- **About this exercise**
What is needed is an exact copy of the entries below, with every picture left out.
================================
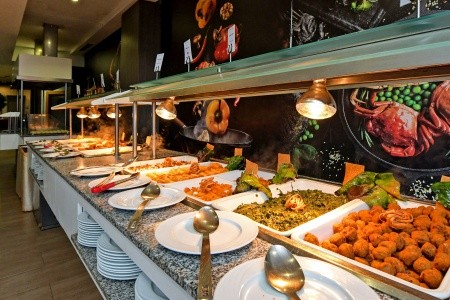 Skanes Serail & Aquapark - 8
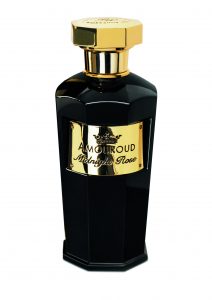 AMOUROUD midnight rose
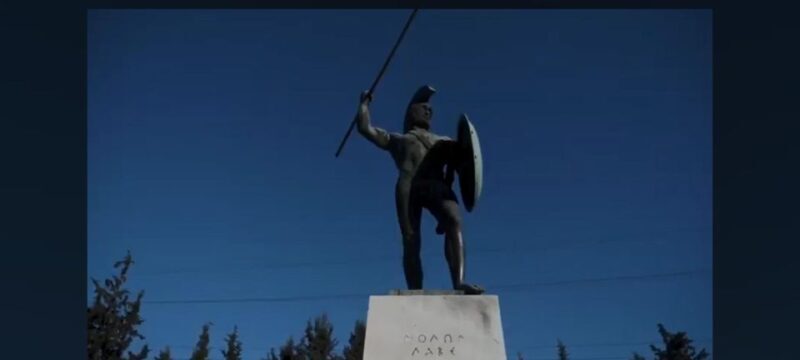 Private tour of Thermopylae with a Pickup - What to Expect and Practical Tips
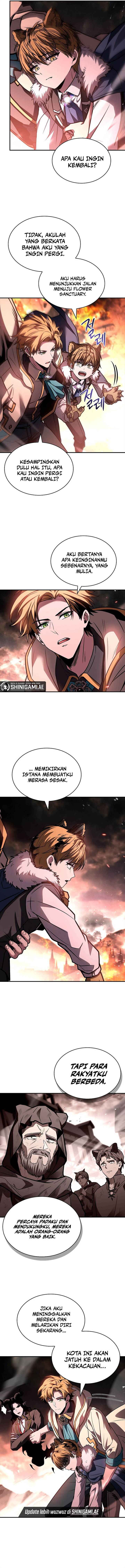 Talent-Swallowing Magician Chap 62 - Next Chap 63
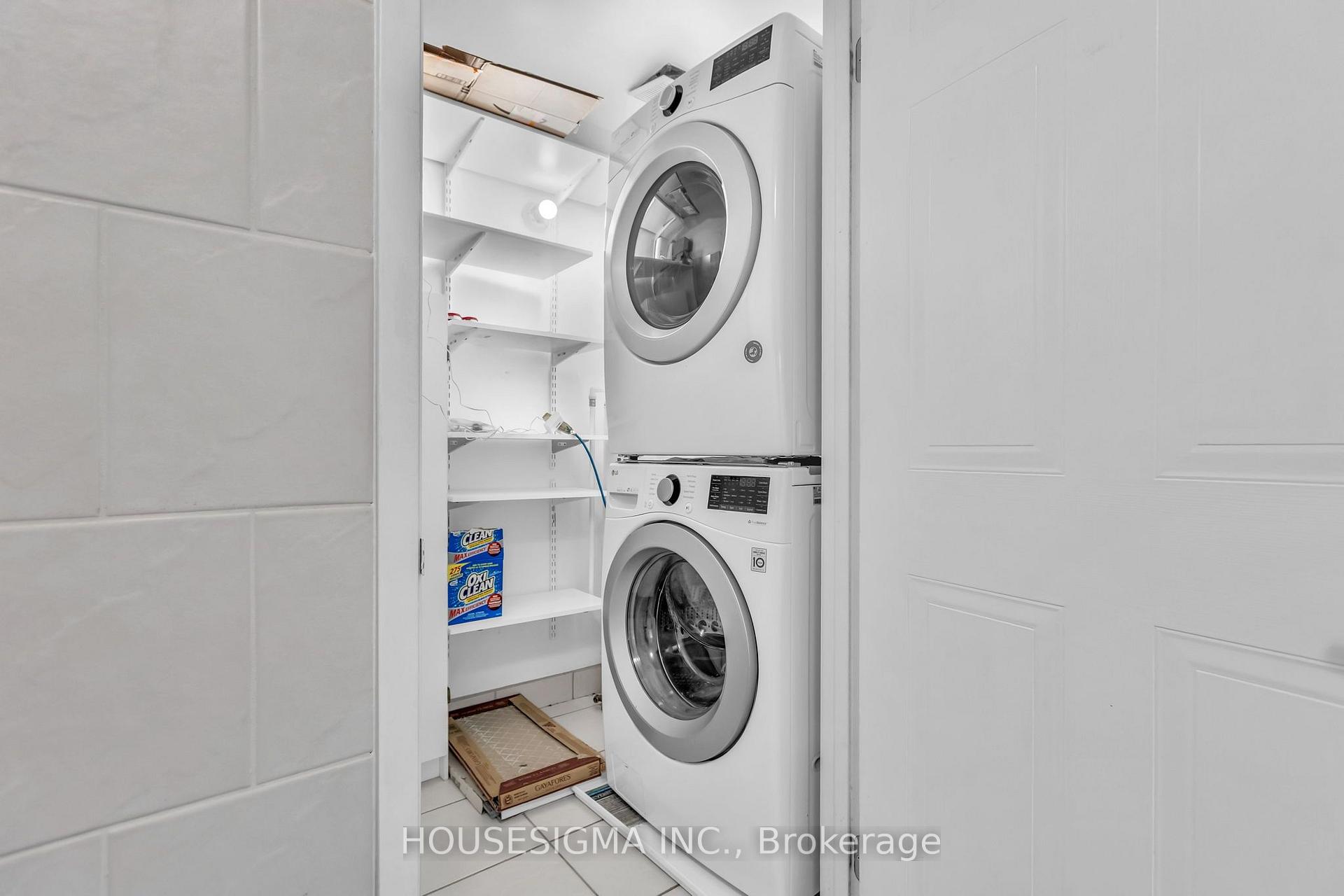 Photo 21 of Unit 606, 565 Greenfield Avenue, Kitchener, Vanier - Kitchener — HOMEH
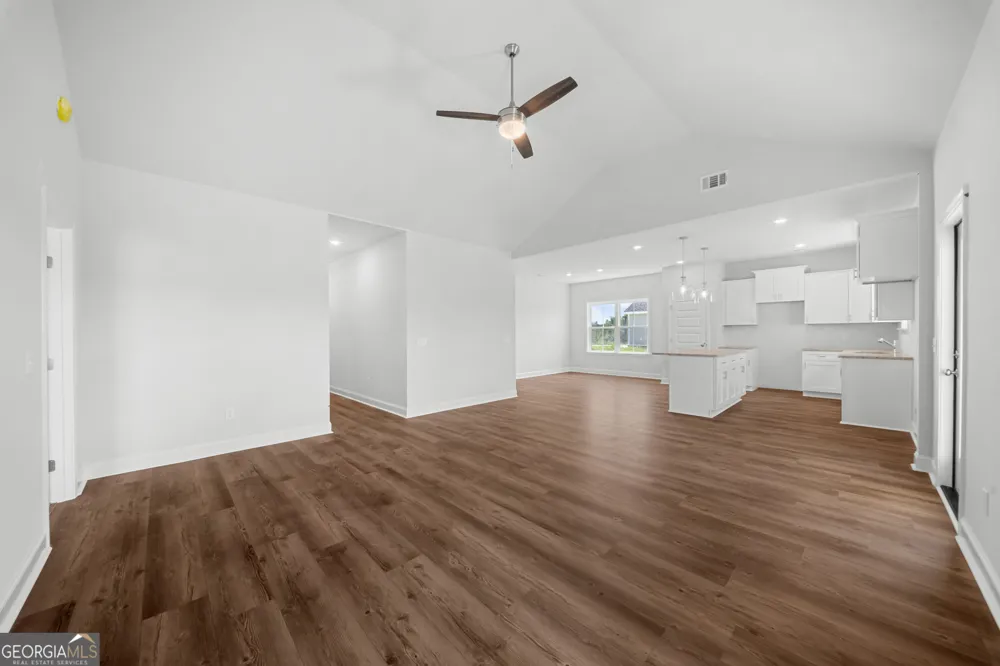 318 Barney Run Statesboro, GA 30458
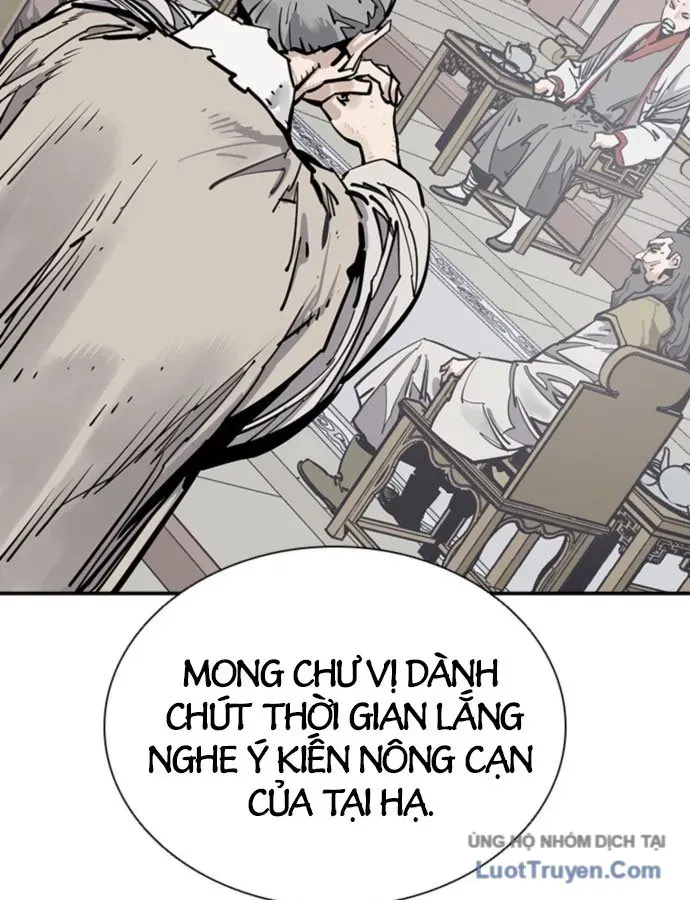 Sát Thủ Tống Lý Thu Chap 111 - Next Chap 110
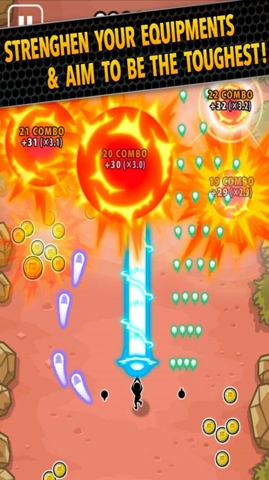 战场冲锋v1.0
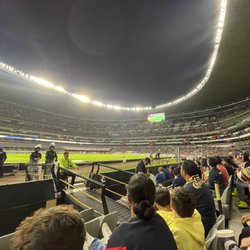 Estadio Azteca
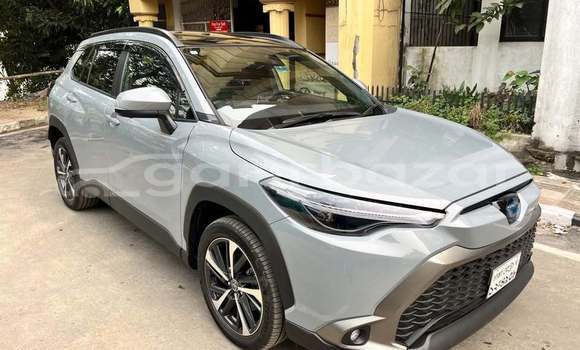 Buy Used 2023 Toyota corolla in Dhaka, Dhaka Buy Used 2023 Toyota corolla in Dhaka, Dhaka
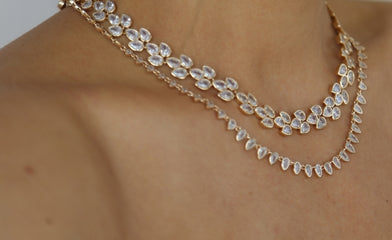 Bridal Necklaces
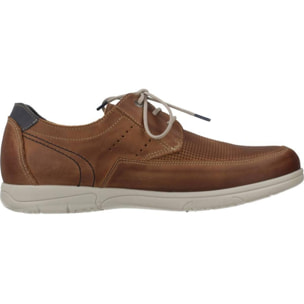 DERBIES - OXFORD FLUCHOS F0119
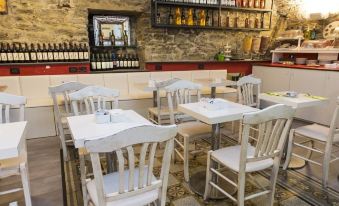 Hotel la Zorza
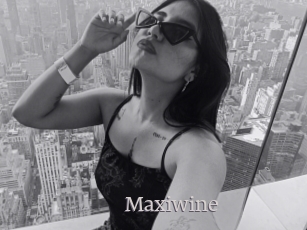 Maxiwine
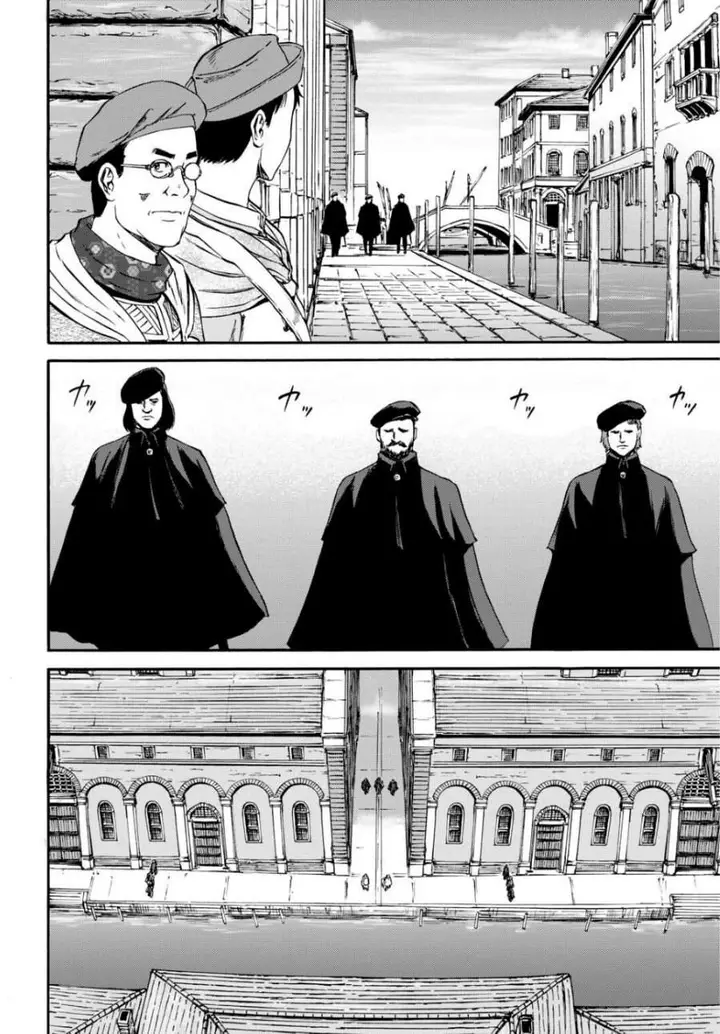 image-komik-gate-season-2-jieitai-kanoumi-nite-kaku-tatakaeri-chapter-2-29/32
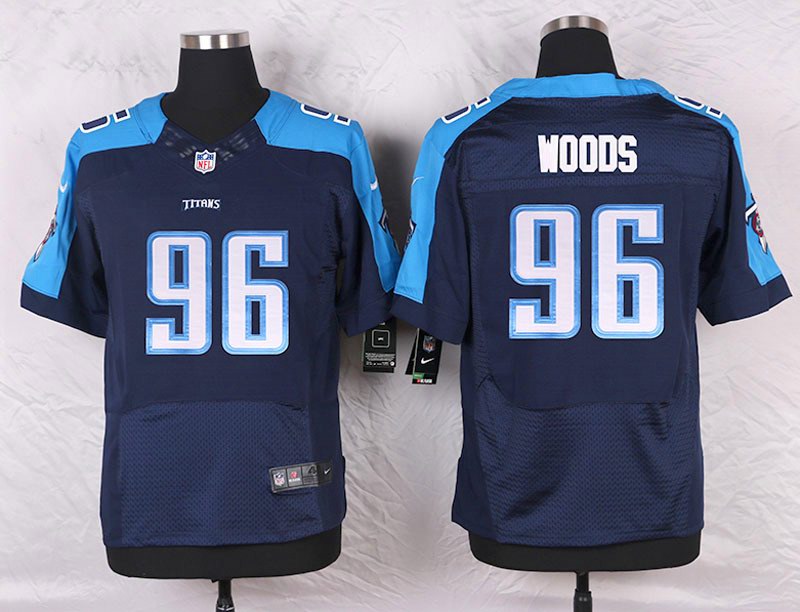 Tennessee Titans elite jerseys-030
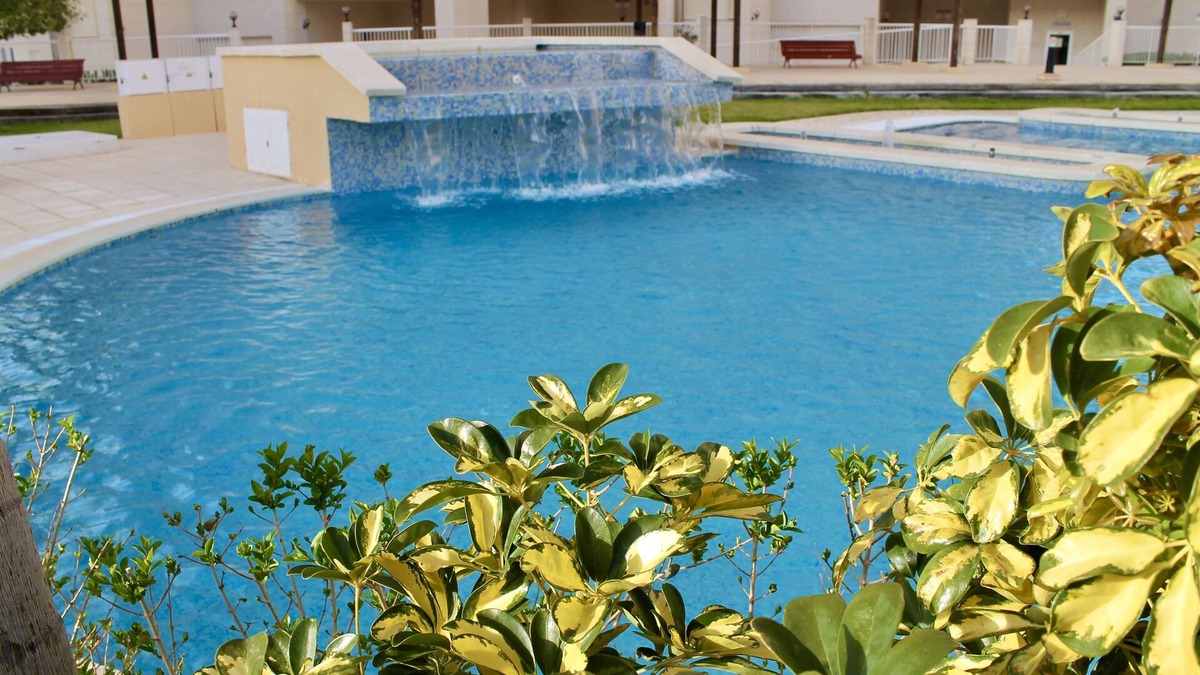 Calpe Apartment | Calpe: apartment/flat - Calpe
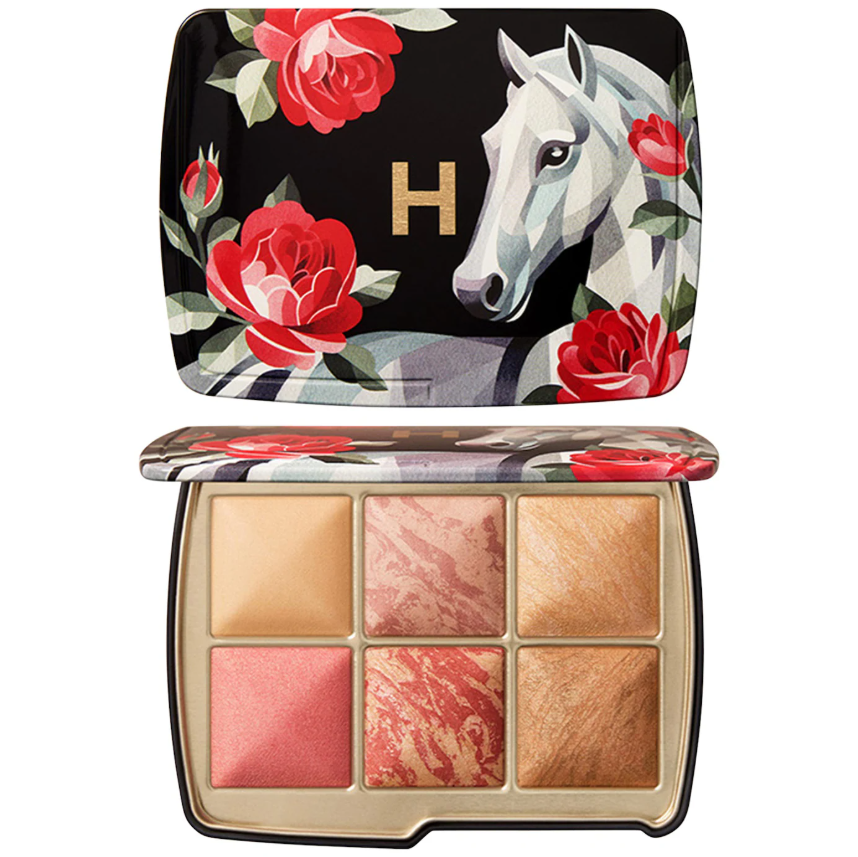Hourglass Ambient Lighting Edit Unlocked Palette *Pre Orden*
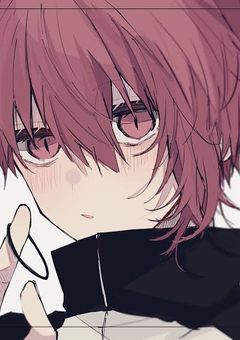 黒名くんの専属マネージャー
================================
- **Result**
 Skanes Serail & Aquapark - 8
 AMOUROUD midnight rose
 Private tour of Thermopylae with a Pickup - What to Expect and Practical Tips
 Talent-Swallowing Magician Chap 62 - Next Chap 63
 Photo 21 of Unit 606, 565 Greenfield Avenue, Kitchener, Vanier - Kitchener — HOMEH
 318 Barney Run Statesboro, GA 30458
 Sát Thủ Tống Lý Thu Chap 111 - Next Chap 110
 战场冲锋v1.0
 Estadio Azteca
 Buy Used 2023 Toyota corolla in Dhaka, Dhaka Buy Used 2023 Toyota corolla in Dhaka, Dhaka
 Bridal Necklaces
 DERBIES - OXFORD FLUCHOS F0119
 Hotel la Zorza
 Maxiwine
 image-komik-gate-season-2-jieitai-kanoumi-nite-kaku-tatakaeri-chapter-2-29/32
 Tennessee Titans elite jerseys-030
 Calpe Apartment | Calpe: apartment/flat - Calpe
Hourglass Ambient Lighting Edit Unlocked Palette *Pre Orden*
 黒名くんの専属マネージャー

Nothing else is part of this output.